▼
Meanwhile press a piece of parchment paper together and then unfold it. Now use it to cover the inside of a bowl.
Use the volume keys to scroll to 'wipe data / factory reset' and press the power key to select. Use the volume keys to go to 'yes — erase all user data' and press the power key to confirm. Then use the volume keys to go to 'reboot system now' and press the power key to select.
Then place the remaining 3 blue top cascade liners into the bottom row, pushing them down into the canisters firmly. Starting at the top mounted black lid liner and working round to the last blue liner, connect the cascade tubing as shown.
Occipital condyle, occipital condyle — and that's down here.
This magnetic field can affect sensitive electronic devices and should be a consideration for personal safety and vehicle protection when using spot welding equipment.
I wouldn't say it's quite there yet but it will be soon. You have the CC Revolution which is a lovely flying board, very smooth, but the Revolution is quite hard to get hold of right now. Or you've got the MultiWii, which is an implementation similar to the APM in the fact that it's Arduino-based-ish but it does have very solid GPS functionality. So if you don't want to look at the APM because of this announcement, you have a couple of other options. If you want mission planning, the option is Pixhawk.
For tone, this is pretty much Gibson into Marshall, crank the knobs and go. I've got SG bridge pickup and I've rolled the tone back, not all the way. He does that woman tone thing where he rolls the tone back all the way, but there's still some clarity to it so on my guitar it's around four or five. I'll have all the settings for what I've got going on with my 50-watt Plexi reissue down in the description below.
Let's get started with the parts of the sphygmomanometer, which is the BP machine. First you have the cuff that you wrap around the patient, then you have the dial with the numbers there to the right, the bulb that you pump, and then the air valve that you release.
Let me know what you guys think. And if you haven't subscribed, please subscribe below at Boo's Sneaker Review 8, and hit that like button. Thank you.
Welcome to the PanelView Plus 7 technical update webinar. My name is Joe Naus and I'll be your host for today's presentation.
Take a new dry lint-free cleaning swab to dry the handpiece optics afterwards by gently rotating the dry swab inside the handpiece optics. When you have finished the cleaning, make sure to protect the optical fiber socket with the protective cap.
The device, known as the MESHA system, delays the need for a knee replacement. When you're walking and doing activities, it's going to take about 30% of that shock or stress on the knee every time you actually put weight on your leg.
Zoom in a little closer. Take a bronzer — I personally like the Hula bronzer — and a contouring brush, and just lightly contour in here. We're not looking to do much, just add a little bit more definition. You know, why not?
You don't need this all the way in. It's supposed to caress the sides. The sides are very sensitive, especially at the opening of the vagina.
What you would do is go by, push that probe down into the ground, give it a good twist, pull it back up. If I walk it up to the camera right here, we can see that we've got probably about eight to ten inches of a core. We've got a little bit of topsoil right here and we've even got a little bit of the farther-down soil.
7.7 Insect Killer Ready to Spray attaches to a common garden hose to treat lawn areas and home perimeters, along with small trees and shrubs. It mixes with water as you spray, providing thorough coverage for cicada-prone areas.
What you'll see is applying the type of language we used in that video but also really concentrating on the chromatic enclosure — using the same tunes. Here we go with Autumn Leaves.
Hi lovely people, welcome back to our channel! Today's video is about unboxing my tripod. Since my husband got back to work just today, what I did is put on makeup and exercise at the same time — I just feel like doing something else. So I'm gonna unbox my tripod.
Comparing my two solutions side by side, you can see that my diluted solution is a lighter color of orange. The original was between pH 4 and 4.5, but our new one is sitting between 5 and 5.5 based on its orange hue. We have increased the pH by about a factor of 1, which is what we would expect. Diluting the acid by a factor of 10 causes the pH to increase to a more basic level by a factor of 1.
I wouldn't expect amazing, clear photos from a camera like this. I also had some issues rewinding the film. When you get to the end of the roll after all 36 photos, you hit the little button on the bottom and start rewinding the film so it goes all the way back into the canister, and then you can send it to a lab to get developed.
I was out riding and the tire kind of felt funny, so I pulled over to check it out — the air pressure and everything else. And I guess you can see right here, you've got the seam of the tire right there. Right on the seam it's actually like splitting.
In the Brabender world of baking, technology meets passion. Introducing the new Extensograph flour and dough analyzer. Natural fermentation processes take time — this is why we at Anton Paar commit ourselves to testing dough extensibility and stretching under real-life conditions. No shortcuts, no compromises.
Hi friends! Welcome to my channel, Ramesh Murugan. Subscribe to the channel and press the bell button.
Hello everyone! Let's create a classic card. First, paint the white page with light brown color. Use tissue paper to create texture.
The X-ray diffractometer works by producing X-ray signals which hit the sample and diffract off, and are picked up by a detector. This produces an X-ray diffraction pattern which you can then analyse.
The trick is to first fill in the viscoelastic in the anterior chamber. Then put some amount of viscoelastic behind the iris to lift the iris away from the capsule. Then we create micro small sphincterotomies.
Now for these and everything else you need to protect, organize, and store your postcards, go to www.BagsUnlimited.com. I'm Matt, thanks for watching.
▲
§ HOW TO COMPLETE THIS TASK: Your answer should be the lines above, from the line containing "The device, known" up to and including the line containing "Hi lovely people, welcome", reproduced exactly and with nothing else.

§ ANSWER BOX:
The device, known as the MESHA system, delays the need for a knee replacement. When you're walking and doing activities, it's going to take about 30% of that shock or stress on the knee every time you actually put weight on your leg.
Zoom in a little closer. Take a bronzer — I personally like the Hula bronzer — and a contouring brush, and just lightly contour in here. We're not looking to do much, just add a little bit more definition. You know, why not?
You don't need this all the way in. It's supposed to caress the sides. The sides are very sensitive, especially at the opening of the vagina.
What you would do is go by, push that probe down into the ground, give it a good twist, pull it back up. If I walk it up to the camera right here, we can see that we've got probably about eight to ten inches of a core. We've got a little bit of topsoil right here and we've even got a little bit of the farther-down soil.
7.7 Insect Killer Ready to Spray attaches to a common garden hose to treat lawn areas and home perimeters, along with small trees and shrubs. It mixes with water as you spray, providing thorough coverage for cicada-prone areas.
What you'll see is applying the type of language we used in that video but also really concentrating on the chromatic enclosure — using the same tunes. Here we go with Autumn Leaves.
Hi lovely people, welcome back to our channel! Today's video is about unboxing my tripod. Since my husband got back to work just today, what I did is put on makeup and exercise at the same time — I just feel like doing something else. So I'm gonna unbox my tripod.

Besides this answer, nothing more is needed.